The scaffolding of pundity is interesting - why some people are respectable and influential and othees are not. NY Times columnists - like Dowd, Brooks, Friedman, along with older ones like that woman whose names escapes (she writes for Newsweek now) have alwats seemed over rated to us for some reason. But apparently we are wrong - we are missing something. The better neoconservative pundits are so much better, skillwise. Of course, they have many within their ranks too that seem to be running on fumes (but getting speaking fees and book deals somehow)

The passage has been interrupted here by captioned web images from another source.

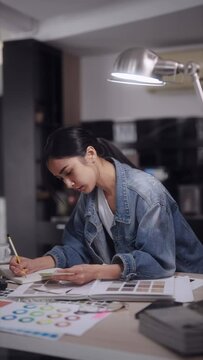 Asian female architect meticulously designs products on her computer, selecting color tones, contributing to a modern office setting. Her creations bring vibrancy
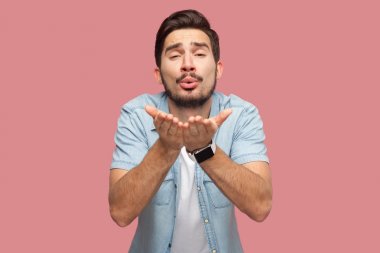 mavi rahat tarzı gömlek aşık yakışıklı sakallı genç adam mutlu kamera bakıyor ve pembe arka plan üzerinde hava öpücük gönderme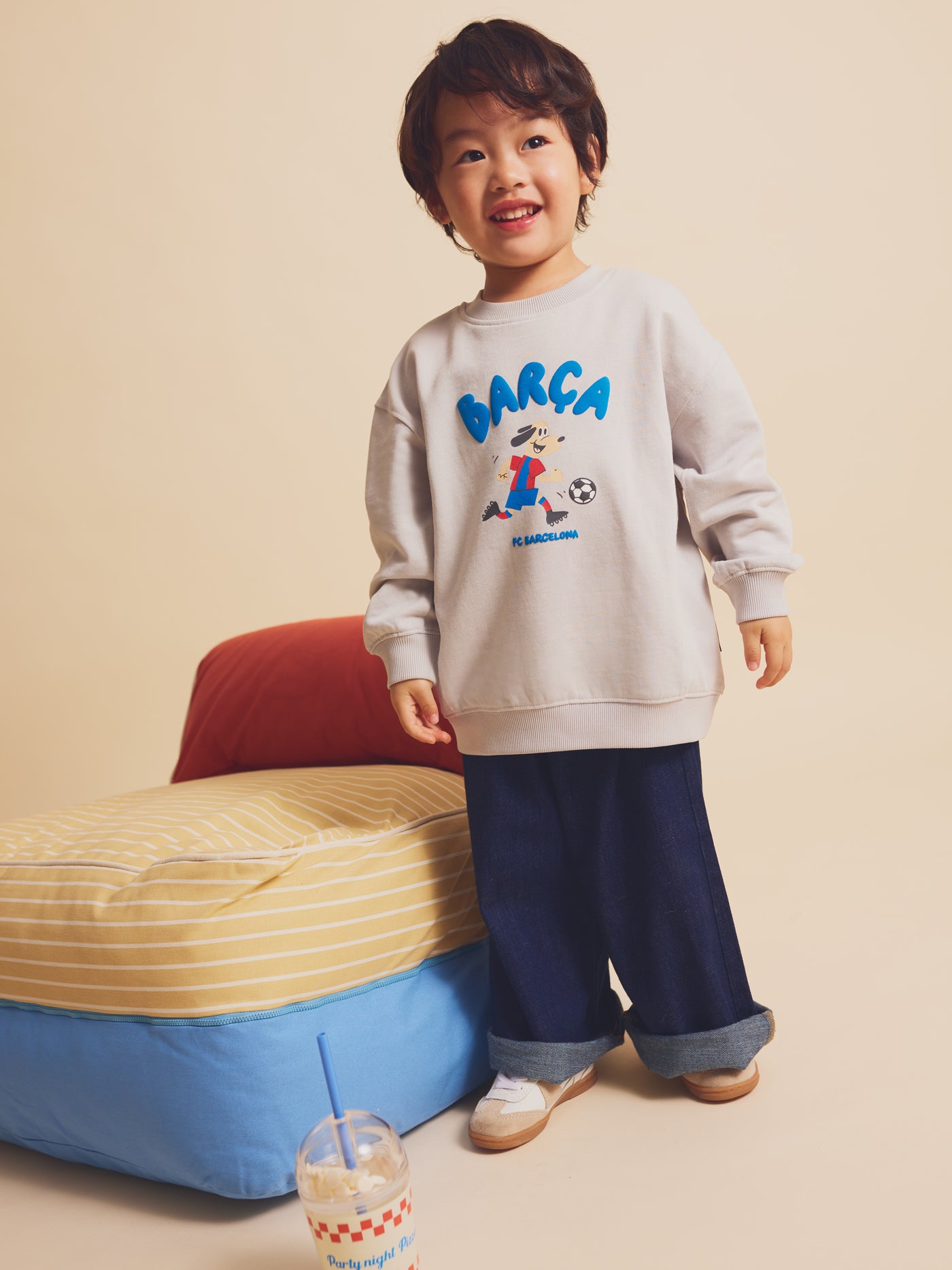 Smiling child standing next to a cushion, wearing a light grey FC Barcelona sweatshirt with a cartoon footballer and the word 'Barça' in blue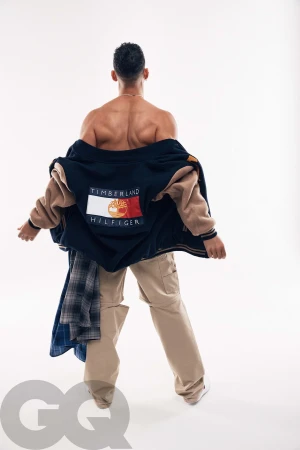 Shirtless adult male modeling a blue and tan Timberland Hilfiger varsity jacket and khaki pants in a fashion studio shot on white.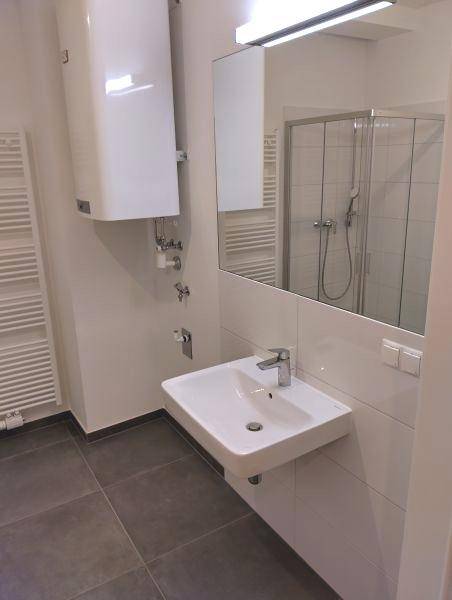 Badezimmer mit modernem Waschbecken, Spiegelschrank und Handtuchheizkörper.
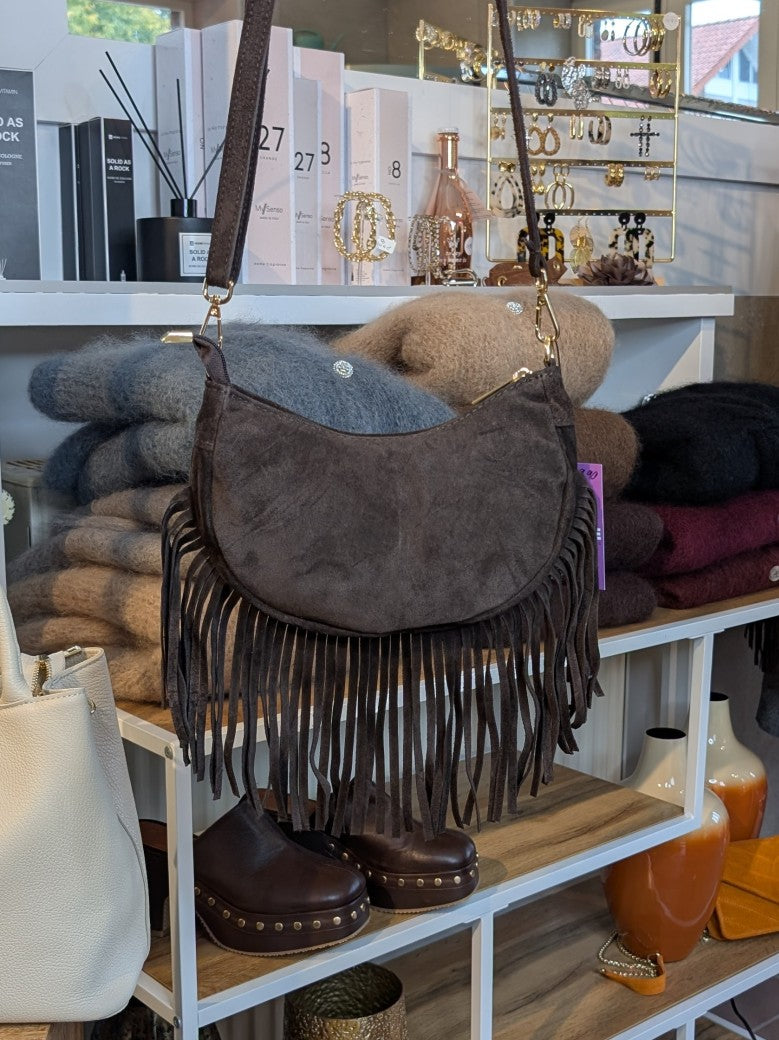 Die Wildledertasche in warmem Coffee Braun überzeugt mit Halbmond-Form, Schulterriemen, RV und stilvollen Fransen - verleiht jedem Outfit eine trendige Note!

Mark Steyn is often a good pundit - even though we disagree with him and think he has declined a bit as he has tried to funnel all reality within the confines of his ideology. But read this awful praise he gets from VDH about his new book:
“The wider English-reading public discovered the genius of Mark Steyn after September 11 ... he is funny in an understated way .. he may be the most interesting satirist now writing in English.”
Now that's satire, isn't it? Notice how VDH gets everything wrong - Calls Steyn the best satrist, when Steyn is not -Calls the outspoken Steyn an understater - Says Steyn was discovered after 9-11 when he was well known earlier - etc, etc ,etc.
Late on VDH highlights some Steyn quips that are just not that big a deal. -
“Consider a few quips from his latest volume about Westerners’ neurotic propensity to worry that we aren’t accommodating enough when we are already way beyond 1930s appeasement. “The corpulent snorer in the La-Z-Boy recliner may have a beautifully waxed Ferrari in the garage, but he hates having to take it out on the potholed roads. Still, it looks mighty nice in the driveway when he washes it;” “The U.S. military hands each jihadist his complimentary copy of the Koran as delicately as white-gloved butlers bringing His Lordship the Times of London.”
Pretty underwhelming - You gotta wonder why these guys love to use the Army if its so iredeemably pc. But here is the classic VDH blowtorch of wrongness to wrap it up:
”Rarely mentioned, much less appreciated, is the low probability that another American president would have removed Saddam, or stayed around to secure Iraq, in the face of such criticism.“
Got that Doc -”stayed around to secure Iraq."
Priceless — VDH truly has a tin ear. Perhaps it is because of his years blasting Foghat and Grand Funk Railroad in his frat basement. 'Blowtorch of wrongness' is the perfect wrap up.
Who will win the blame shift game re Perle et al. vs. Dubya? Assymetrical warfare there. Perle et al. have a parasitical survival instinct and years of practice jettisoning hosts and finding more munificent ones. Dubya and Rove have the cold ruthlessness of seasoned knifefighters, a trail of corpses, money and institutional megaphones. An Iron Cage Grudge Match . . .
It's possible that both Bush and the neos will prevail , but on seperate planes.
Bush is quite simply a genius at blame shifting and accountability shifting. It's built into his grammer, the way he phrases things. It's very much connected to the way his complimentary nicknames are also a means of putting people down preemptively.
The whole world blames the neos - in part because they don't even notice how Bush works. That's not to defend the neos, mind you. They are to be blamed, ofcourse. It's just that blaming the neos and the fact that everyone notices what they are trying to do is 'discounted' into the price of their reps. Whereas with Bush - he gets away with it, in part, because the opposition has a psychic need to think Bush is not responsible for his own mistakes because he is dim - in their view.
But just contemplate how you feel if you're someone like Perle. You try to do some side business deals and Sy Hersh reports on it. You pay a small price and move on. But if you'r part of the Bush family, you can get away with doing business with Hu Jintao's family, the Bin Laden family, the House of Saud, etc - But no one raises hell - It's stays stuck in the pages of the Nation.